*TASK INSTRUCTIONS*
Please reproduce all entries word for word and omit their pictures.

################

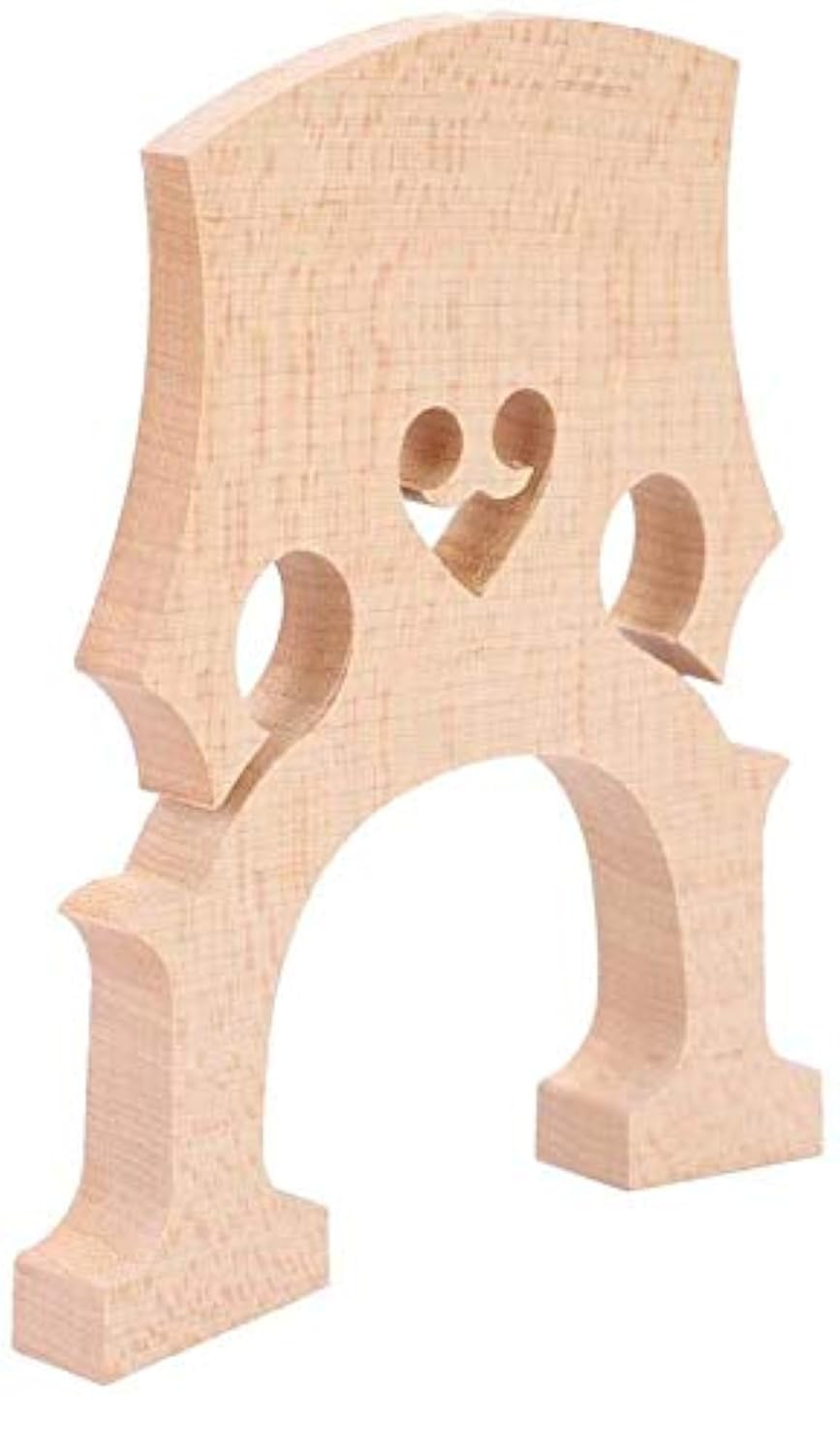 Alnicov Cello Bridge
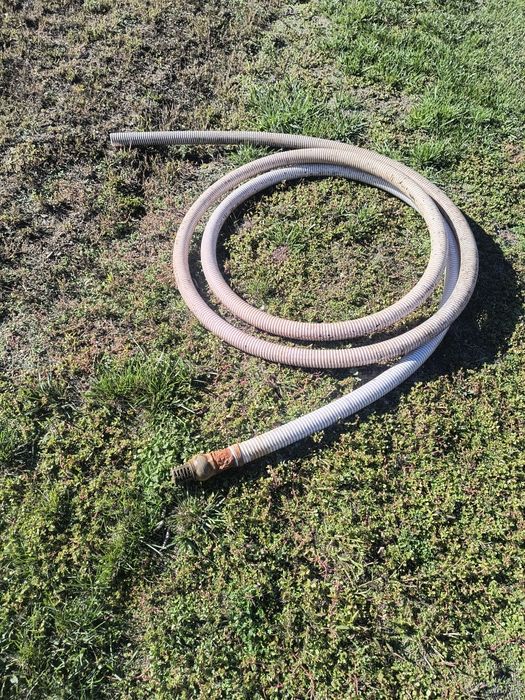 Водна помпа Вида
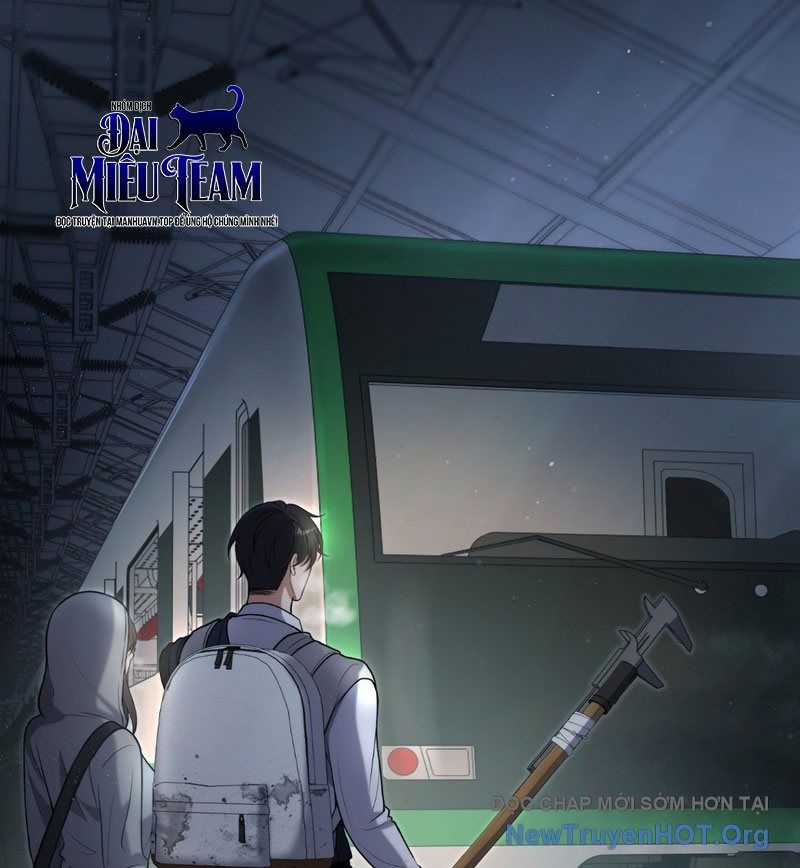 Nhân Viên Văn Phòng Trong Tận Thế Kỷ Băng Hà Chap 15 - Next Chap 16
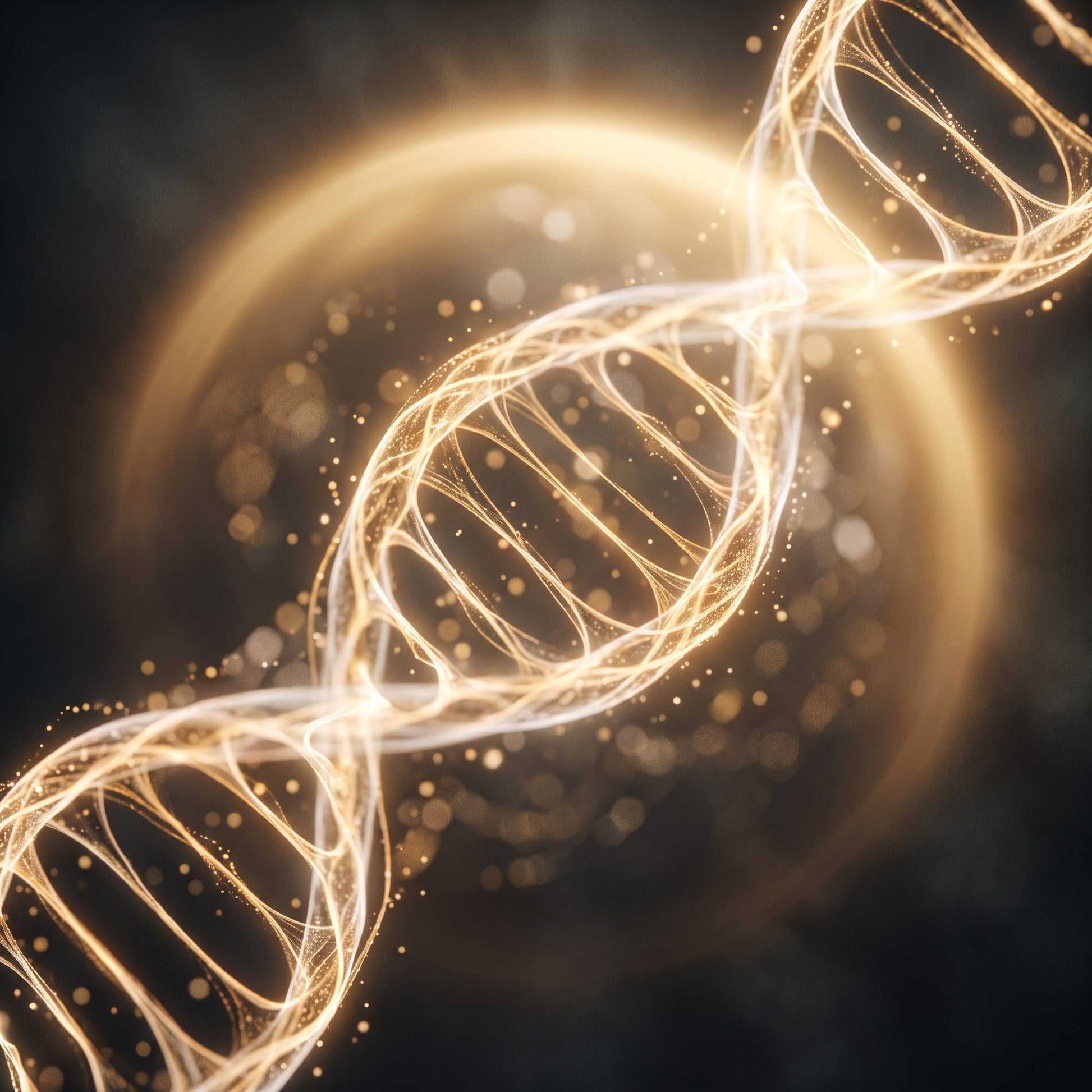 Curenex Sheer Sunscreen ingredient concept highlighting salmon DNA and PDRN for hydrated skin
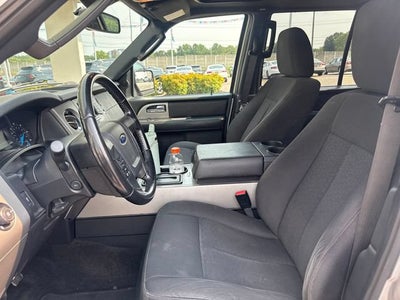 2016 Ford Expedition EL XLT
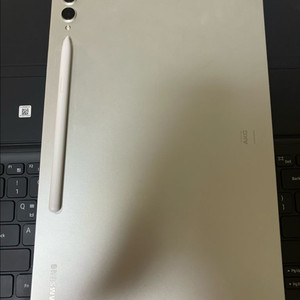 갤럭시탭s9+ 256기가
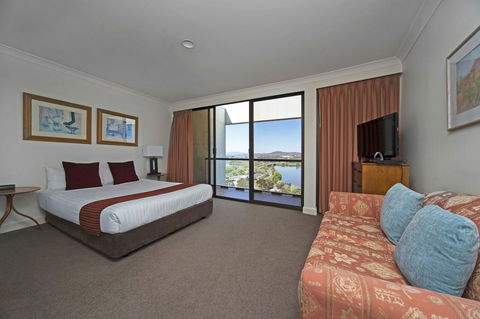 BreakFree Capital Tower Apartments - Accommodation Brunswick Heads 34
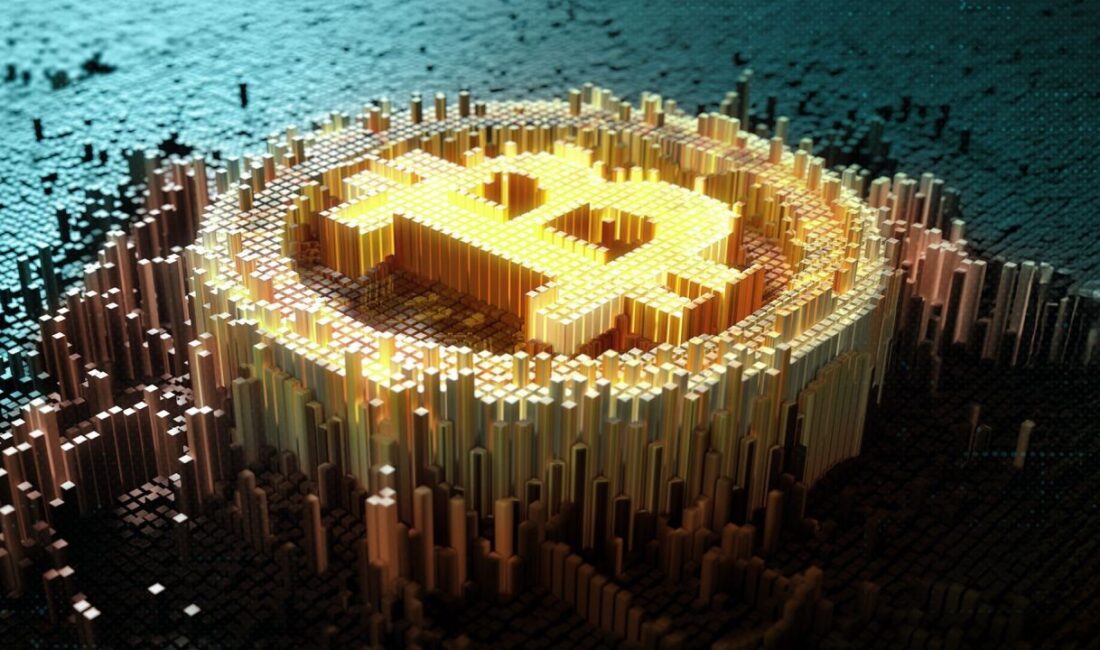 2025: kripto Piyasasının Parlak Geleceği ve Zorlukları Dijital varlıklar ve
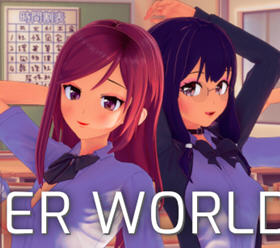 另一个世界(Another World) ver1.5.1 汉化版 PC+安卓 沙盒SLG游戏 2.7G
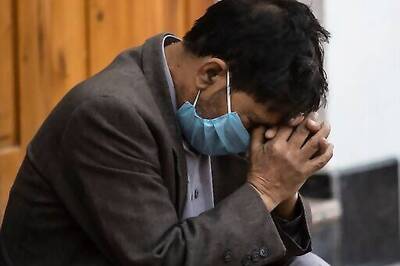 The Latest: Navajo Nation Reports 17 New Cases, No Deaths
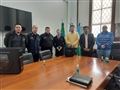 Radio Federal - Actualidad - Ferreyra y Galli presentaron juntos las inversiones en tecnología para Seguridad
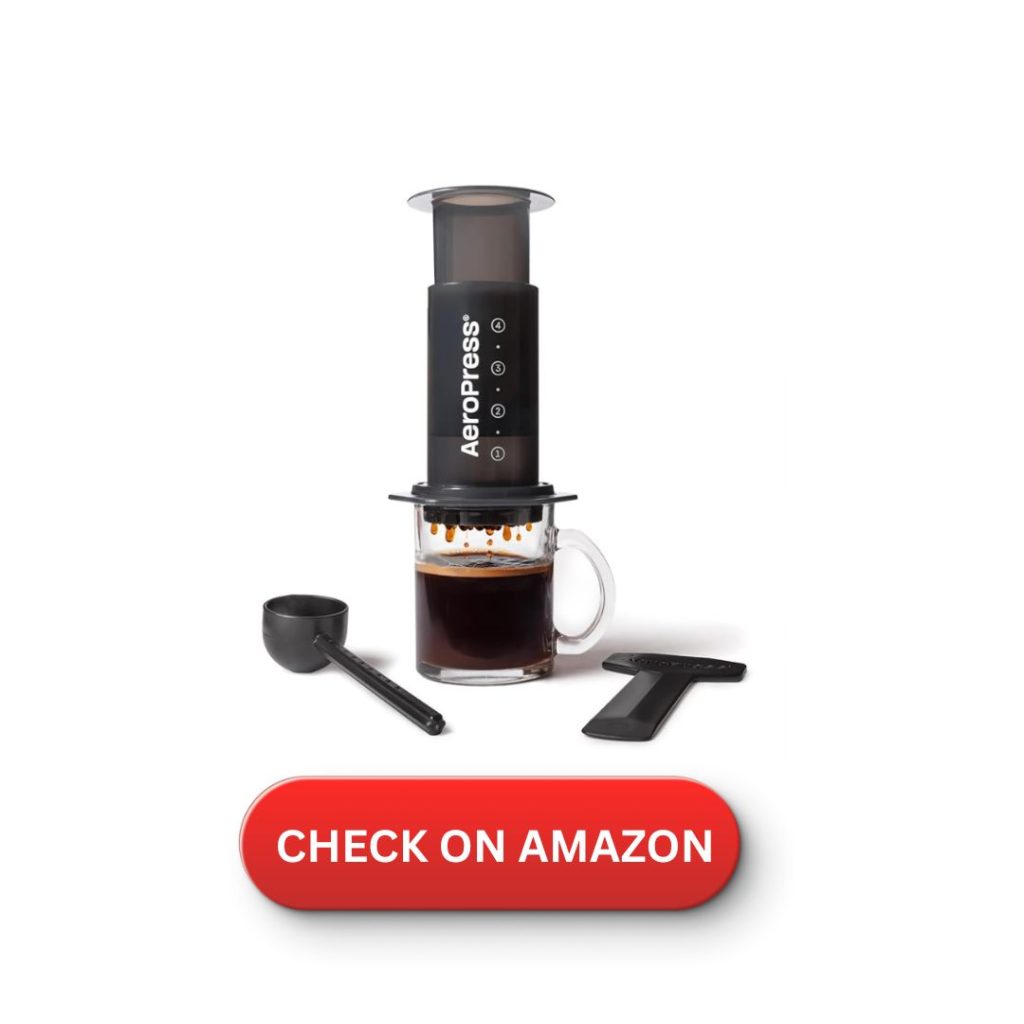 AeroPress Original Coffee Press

################

*RESULT FOR THIS TASK*
 Alnicov Cello Bridge
 Водна помпа Вида
 Nhân Viên Văn Phòng Trong Tận Thế Kỷ Băng Hà Chap 15 - Next Chap 16
 Curenex Sheer Sunscreen ingredient concept highlighting salmon DNA and PDRN for hydrated skin
 2016 Ford Expedition EL XLT
 갤럭시탭s9+ 256기가
 BreakFree Capital Tower Apartments - Accommodation Brunswick Heads 34
 2025: kripto Piyasasının Parlak Geleceği ve Zorlukları Dijital varlıklar ve
 另一个世界(Another World) ver1.5.1 汉化版 PC+安卓 沙盒SLG游戏 2.7G
 The Latest: Navajo Nation Reports 17 New Cases, No Deaths
 Radio Federal - Actualidad - Ferreyra y Galli presentaron juntos las inversiones en tecnología para Seguridad
 AeroPress Original Coffee Press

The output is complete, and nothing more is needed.